Le CAE souligne que les salaires ont continué de progresser depuis 2008 (+0,8%), malgré la crise. La France se distingue de ses principaux partenaires européens: les salaires réels ont ralenti aux Pays-Bas et diminué en Italie, Espagne et surtout au Royaume-Uni où l’inflation est nettement plus forte. L'Allemagne a vu ses salaires se redresser, mais seulement après une très forte baisse imposée avant la crise.
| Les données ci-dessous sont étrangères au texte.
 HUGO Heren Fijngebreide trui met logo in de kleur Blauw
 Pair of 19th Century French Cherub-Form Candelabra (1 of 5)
Du coup, la France n'a pas su adapter sa compétitivité pendant que la croissance ralentissait. Ce décalage "laisse craindre une dégradation supplémentaire de la situation de l'emploi", écrivent Philippe Askenazy, Antoine Bozio et Cécilia Garcia-Penalosa, tous membres du Conseil. Selon les auteurs, cet état de fait s'explique en partie par le fait que "les entreprises préfèrent réduire l'emploi que les salaires" pour "préserver la motivation des travailleurs et le climat social".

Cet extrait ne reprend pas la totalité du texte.